WORKPLACE LAW -
Avoiding Defamation Claims

Question:

I have noticed an increase in defamation lawsuits in the news lately. Many of the lawsuits involve statements made about current or prior employees of the businesses being sued. As an employer, what can I do to decrease potential liability based on defamation?

Answer:

There are many things employers can do to decrease their potential liability for defamation, including properly training personnel, consistently documenting employee performance, and taking action to prevent defamatory statements from being made. Defamation is a general term that encompasses two types of derogatory statements: slander (oral statements) and libel (written statements and other fixed representations). In the employment context, most defamation claims involve allegations that an agent of an employer made a defamatory statement about a current or former employee.

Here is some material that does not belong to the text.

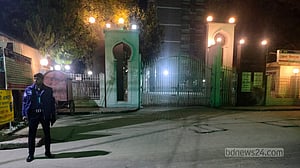 গোপালগঞ্জে আদালতের সামনে ‘হাতবোমা বিস্ফোরণ’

The statutory law governing defamation is found in the California Civil Code, which explains the necessary elements an employee must establish to have a viable claim for defamation. First, there must be a written or oral communication made to a third person, either intentionally or unintentionally. Second, the person making the statement must know it is false or must make the statement with reckless disregard for the truth. Third, the statement must expose the person who is the subject of the statement to hatred, contempt, ridicule, or humiliation, cause the person to be shunned or avoided, tend to injure the person in his or her occupation, or connect the person to a crime or disease, among other things.

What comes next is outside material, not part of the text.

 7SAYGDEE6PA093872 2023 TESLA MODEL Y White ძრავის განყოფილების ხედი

However, there are five defenses to defamation claims that may shield an employer from liability. First, if the employer can prove that the alleged defamatory statement is true, the employer will have a complete defense to liability. Second, if the employee consents to publication of the alleged defamatory statement, the employer will have a solid defense (especially if the consent is in writing). Third, if a court determines that the statement was an opinion and not a statement of fact, the employer will have a defense. Fourth, statements made in the course of a legislative proceeding, judicial proceeding, any other proceeding authorized by law, or in the initiation of any other proceeding authorized by law are protected by what is known as the absolute privilege. Therefore, statements made during a court trial or during a Department of Fair Employment and Housing (DFEH) investigation are protected by the absolute privilege. Notably, this defense applies even if the alleged defamatory statement is proven to be false. Fifth, a conditional privilege applies to statements based on credible evidence and made without malice by employers to prospective employers concerning the job performance or qualifications of an applicant for employment who is a current or former employee.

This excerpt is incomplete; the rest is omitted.